Сохрани мою речь навсегда за привкус несчастья и дыма,
За смолу кругового терпенья, за совестный деготь труда.
Как вода в новгородских колодцах должна быть черна и сладима,
Чтобы в ней к Рождеству отразилась семью плавниками звезда.
И за это, отец мой, мой друг и помощник мой грубый,
Я – непризнанный брат, отщепенец в народной семье,-
Обещаю построить такие дремучие срубы,
Чтобы в них татарва опускала князей на бадье.
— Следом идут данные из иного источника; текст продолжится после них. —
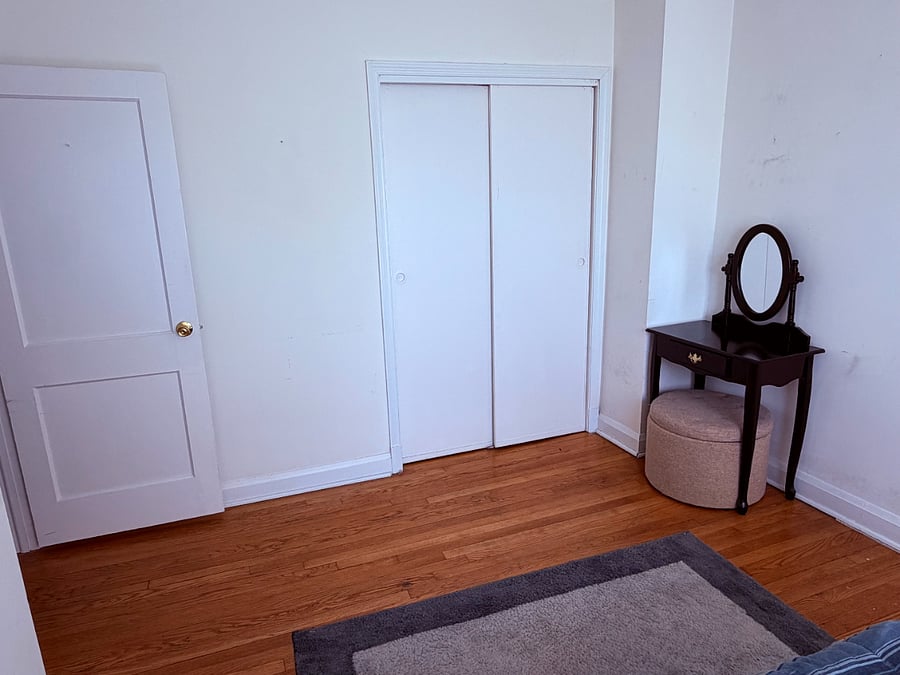 Bedroom for renter - closet and vanity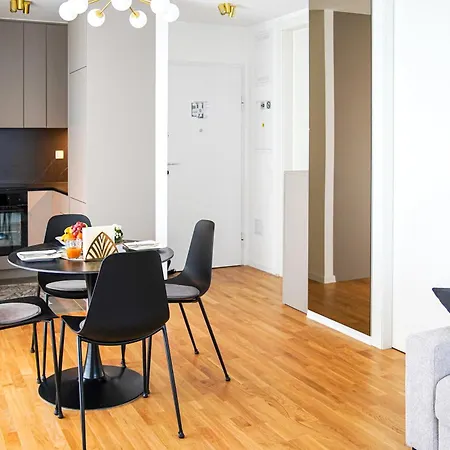 Apartment Stefani - Balcony & Free Private Garage Parking *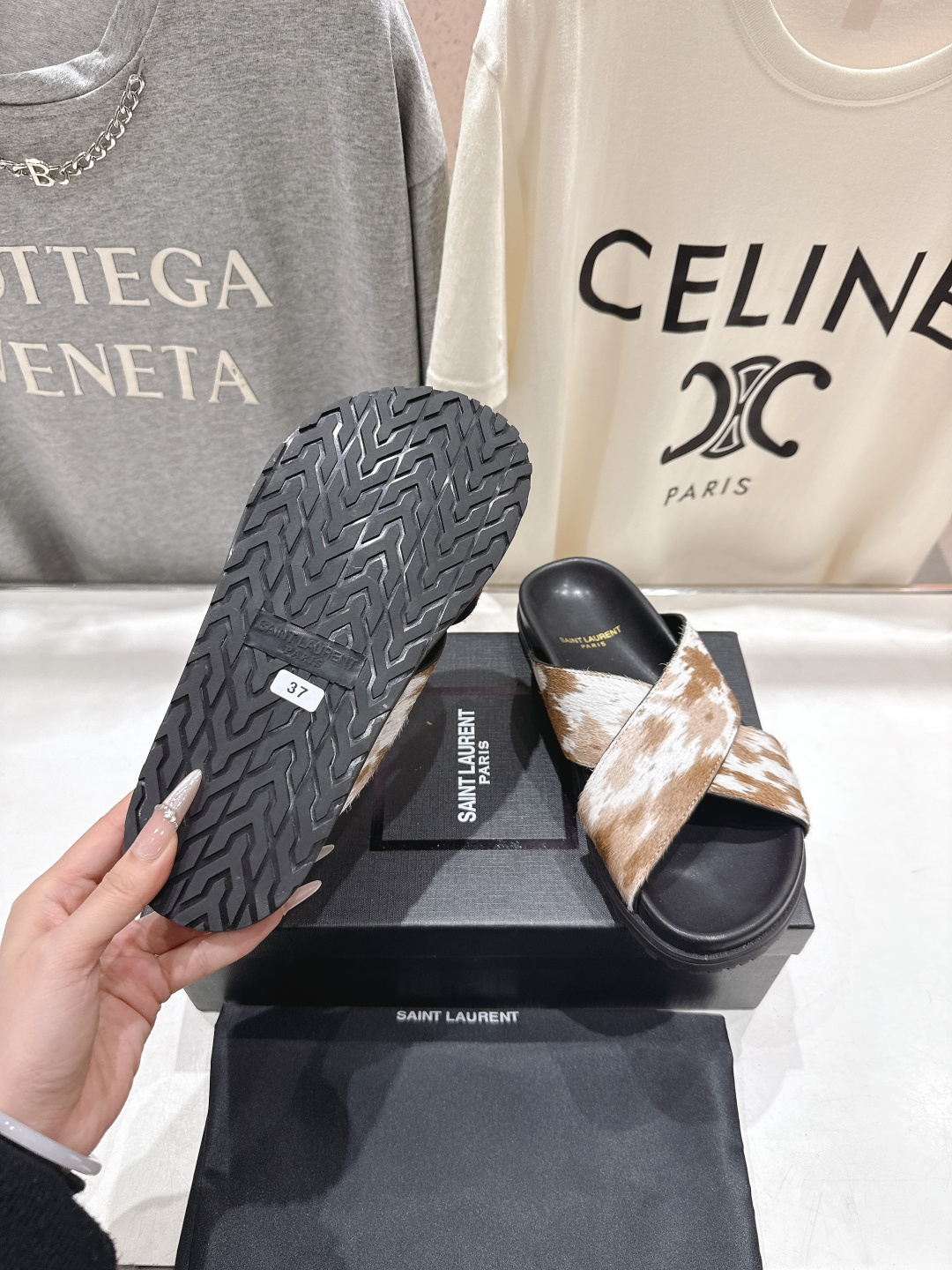 高版本出厂 Fendi*/芬迪 2026ss 夏季新品交叉带平底沙滩拖鞋 上街穿搭的不二之选 专柜买断货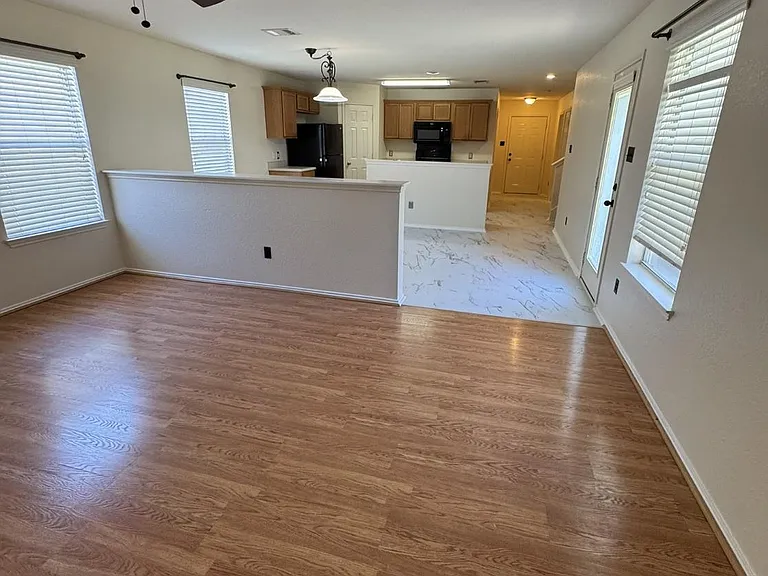 1420 Davis Mountain Loop — Photo 8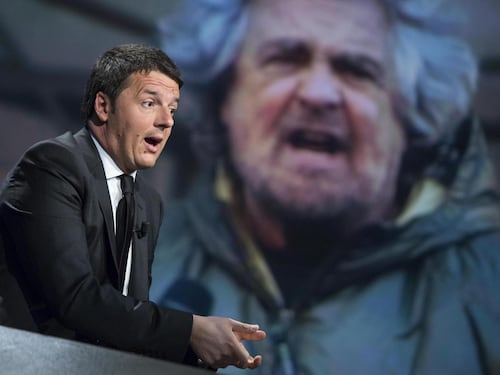 Scontro Renzi-Grillo, duello sulla democrazia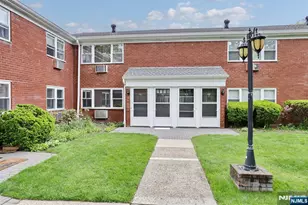 41 Regency Park, Ramsey, NJ 07446 - Photo 3
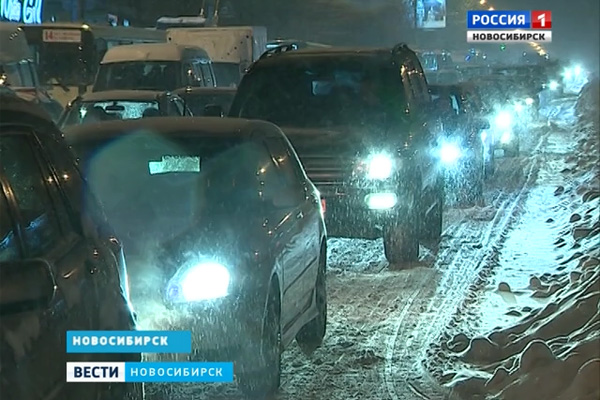 Новосибирск засыпало снегом: город встал в 9-бальных пробках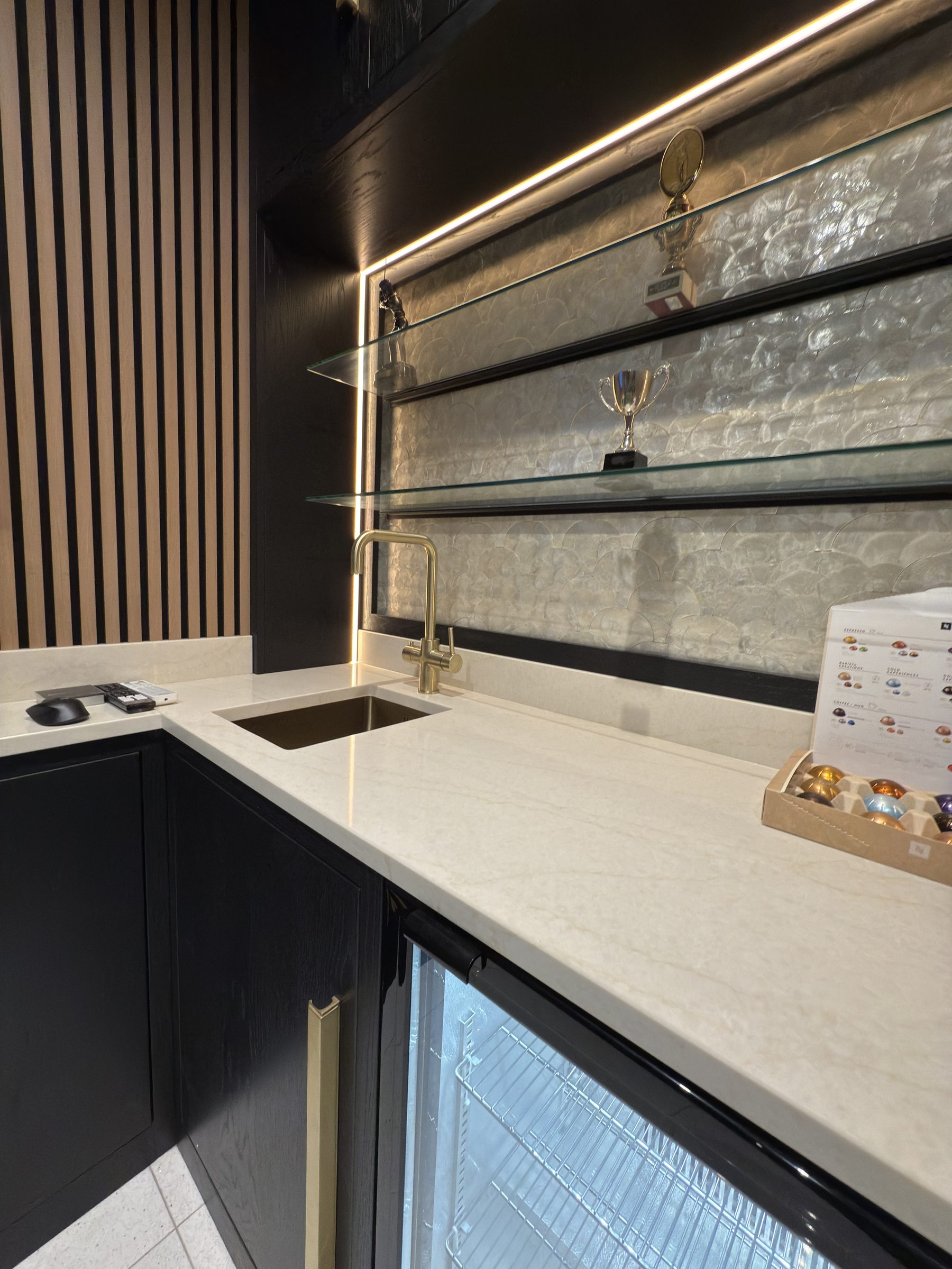 Golf simulator room with bespoke home bar Manchester — Hafferty Interiors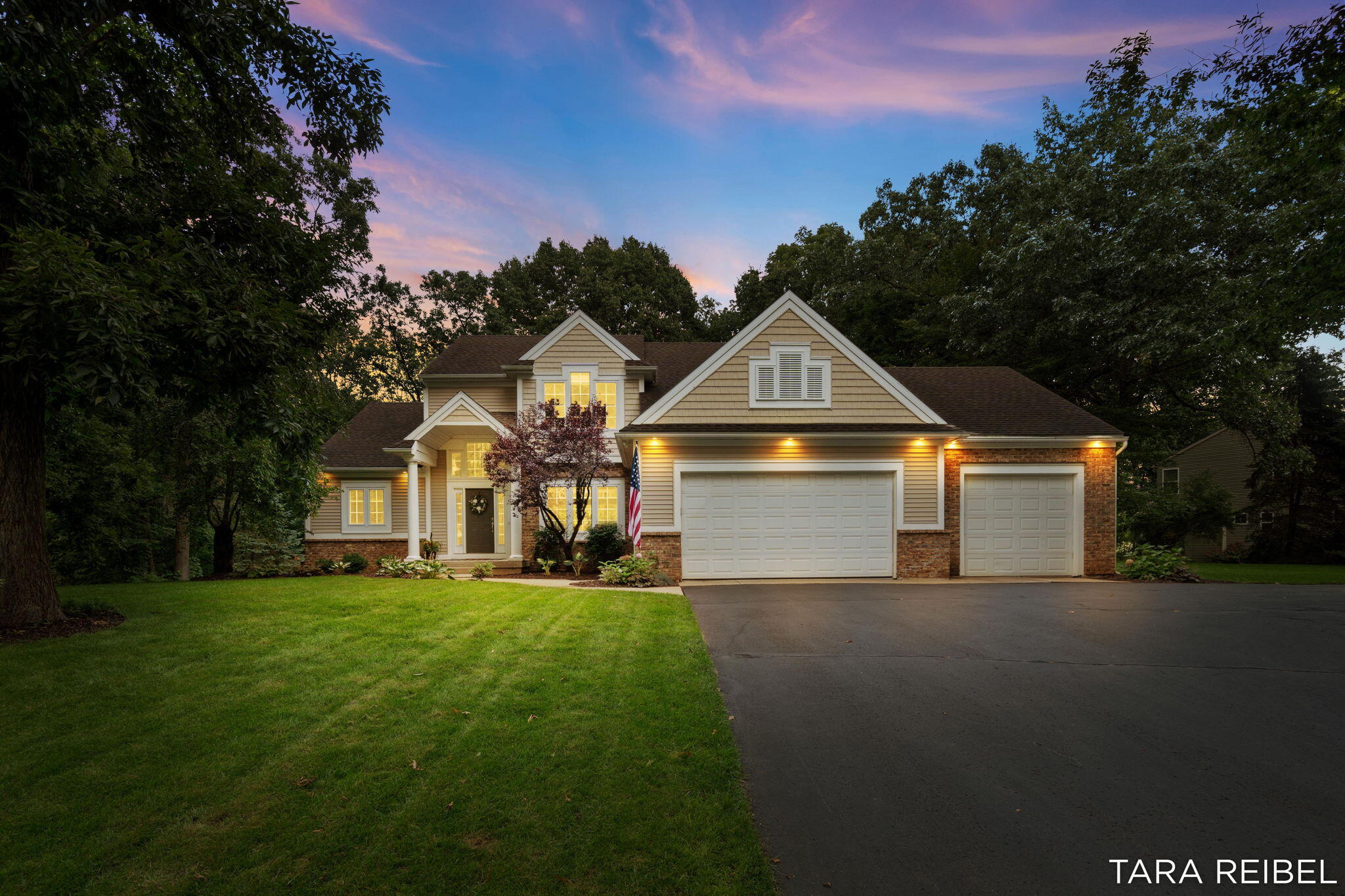 4320 Trail East Drive NE Ada MI 49301
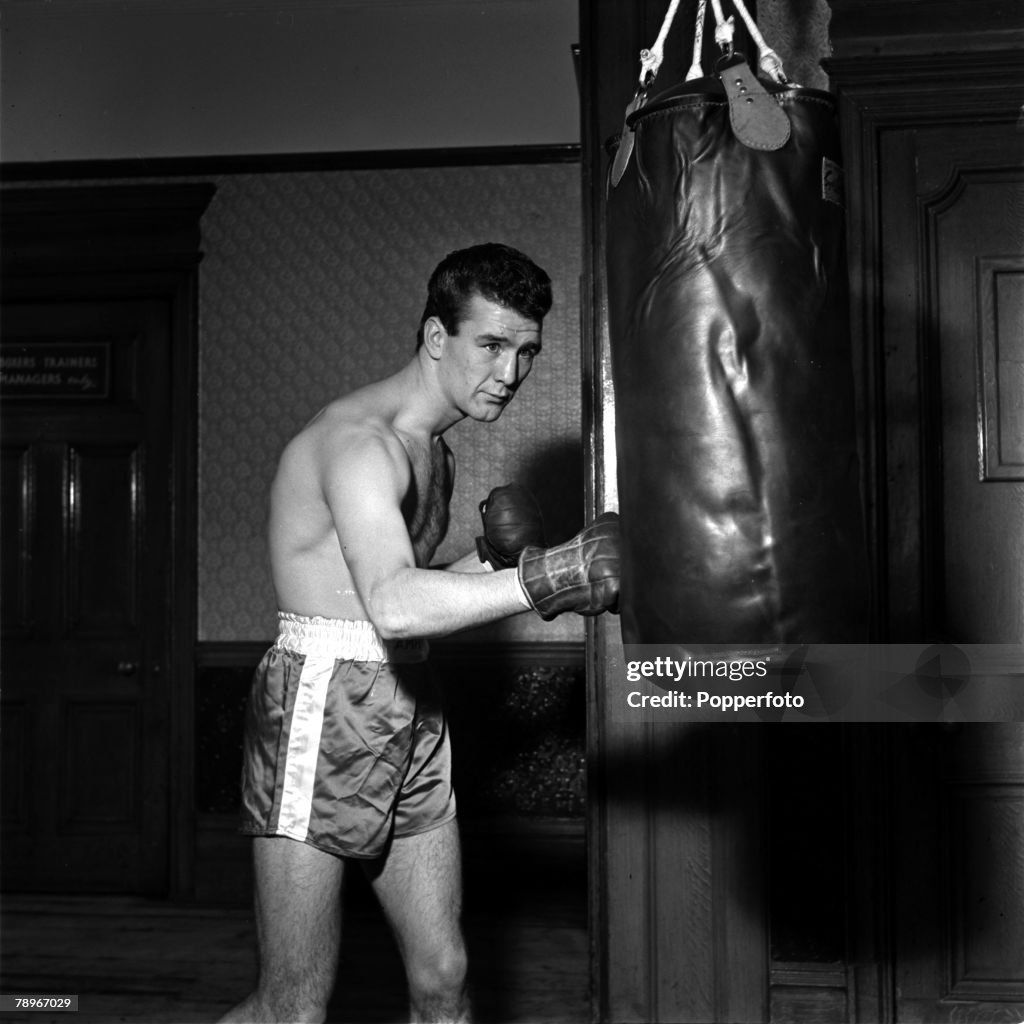 Pipeman Boxing Sport, Boxing, England British Champion Boxer Peter Waterman, the ...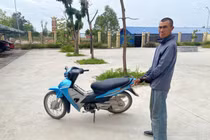 Công an bắt kẻ nghiện ma túy trộm xe máy lấy tiền hút chích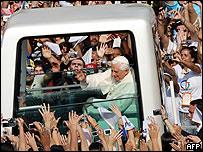 O papa Bento 16 em visita a Aparecida, SP, em maio deste ano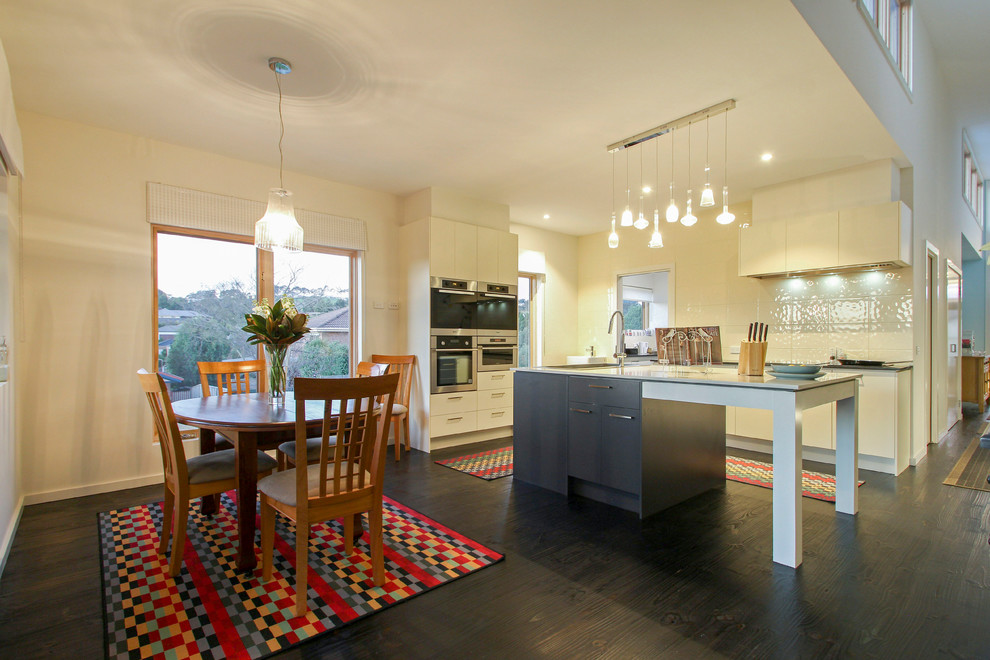 Photo of a contemporary kitchen in Melbourne.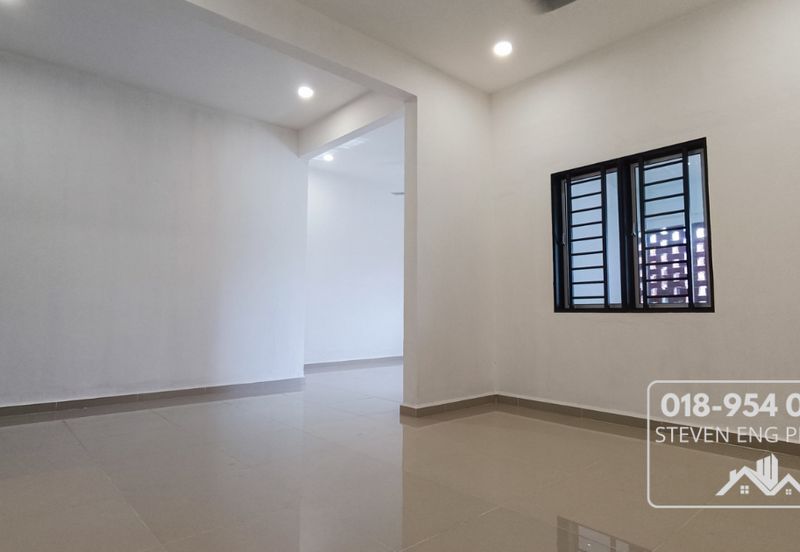 Fully Renovated FREEHOLD Double Storey Terrace house for sale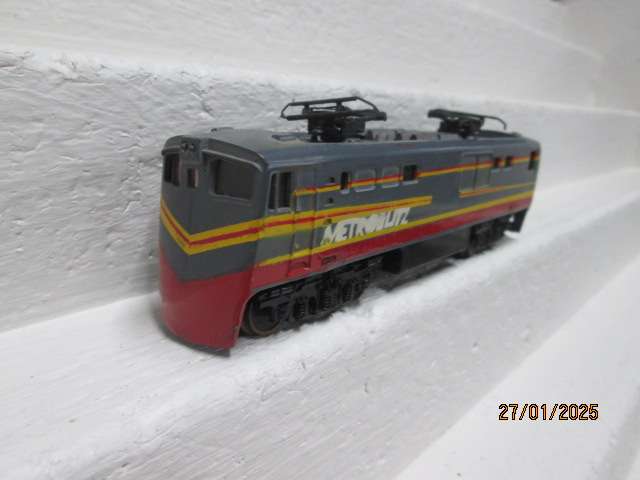 HO SCALE - LIFELIKE - SAR -  6E METROBLITZ ELECTRIC LOCOMOTIVE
Лишь бы только любили меня эти мерзлые плахи –
Как прицелясь на смерть городки зашибают в саду,-
Я за это всю жизнь прохожу хоть в железной рубахе
И для казни петровской в лесах топорище найду
 
   . (III, 51)
   Речь должна быть черна, как колодезная вода, а ее лад и сладок, и горек. Язык – грубое, мужское начало: “Небо как палица грозное, земля словно плешина рыжая…” (III, 50). Язык как игральная бита, рубящий топор. Он олицетворяет родовой, смертельно ударяющий конец – уд. Воспевание Сталина производится в “Оде” именно этим ударным означиванием окончания слова “кон-ец”. Будящий-губящий Землю Сталин – ее родовой Отец-конец. Отсюда нагнетание слов, рифмующихся с “концом” – близнец, отец, боец, мудрец, истец, жнец, чтец:
 
 
На всех, готовых жить и умереть,
Бегут, играя, хмурые морщинки
 
   . (III, 113)
   В самом стихотворении “Сохрани мою речь…” изначально заложена двойственность песни и казни. Речь-вода не только рождает, но и топит. Язык – не только перо, но и топор. Участие поэта в “железной каре” и “петровской казни” задано его песенным исполнением, двойным значением франц. execution – “исполнение, совершение”; “казнь, экзекуция” (и так от Анненского до набоковского “Приглашения на казнь”). Поэт хочет, чтобы его любили играючи, с прицельной силой зашибания – и разгульно, и ударно, ошибаясь и добывая смертельную фигуру городков, которая зовется “бабушкой в окошке”. Измазанные дегтем ворота есть знак “конца прекрасной эпохи”, знак неизбежной утраты девственной ее чистоты: “Пусть это оскорбительно – поймите: / Есть блуд труда и он у нас в крови” (III, 53). Полночь “буддийской Москвы” – горький ее конец, означиваемый все тем же производительным словом: “Как бык шестикрылый и грозный, / Здесь людям является труд…” (III, 35). Патриарх в народной семье – язык, сам отщепенец-поэт считает себя братом или блудным сыном. Песнь будет приходиться поэту дочерью, но в брачных узах стиха она станет ему… женой. Отношения поэта с льющейся стихией речи иначе как кровосмешением не назовешь:
 
 
Вернись в смесительное лоно,
Откуда, Лия, ты пришла,
За то, что солнцу Илиона
Ты желтый сумрак предпочла.
Иди, никто тебя не тронет,
На грудь отца в глухую ночь
Пускай главу свою уронит
Кровосмесительница-дочь.
Но роковая перемена
В тебе исполниться должна:
Ты будешь Лия – не Елена!
Не потому наречена,
Что царской крови тяжелее
Струиться в жилах, чем другой,-
Нет, ты полюбишь иудея,
Исчезнешь в нем – и Бог с тобой.
 
   (I, 143)
 
   Русский поэт – иудей; его избраннице-речи предлагается вернуться к истокам, коль скоро она отвергла радостное солнце Греции, предпочтя еврея (“обратно в крепь родник журчит…”). Она утратит имя эллинской красоты – Елены и закрепит льющееся библейское начало – Лия. Но и тогда жене-речи останется только утонуть в муже, растворится в его крови, слиться с ним, войти в состав русского поэта. Она неизбежно станет его порождением, песнью, дочерью. Это неразмыкаемое венчальное кольцо вечного поэтического возвращения. Превращаясь в библейскую Лию, новобрачная сочетается узами с Иаковым и рождает ему шесть сыновей, братьев Прекрасного Иосифа. Реальный поэт Иосиф берет в жены женщину, чей отец – Иаков. Он как бы становится ее отцом и мужем одновременно. “Иосиф” в переводе означает “присовокупление, прибавление”.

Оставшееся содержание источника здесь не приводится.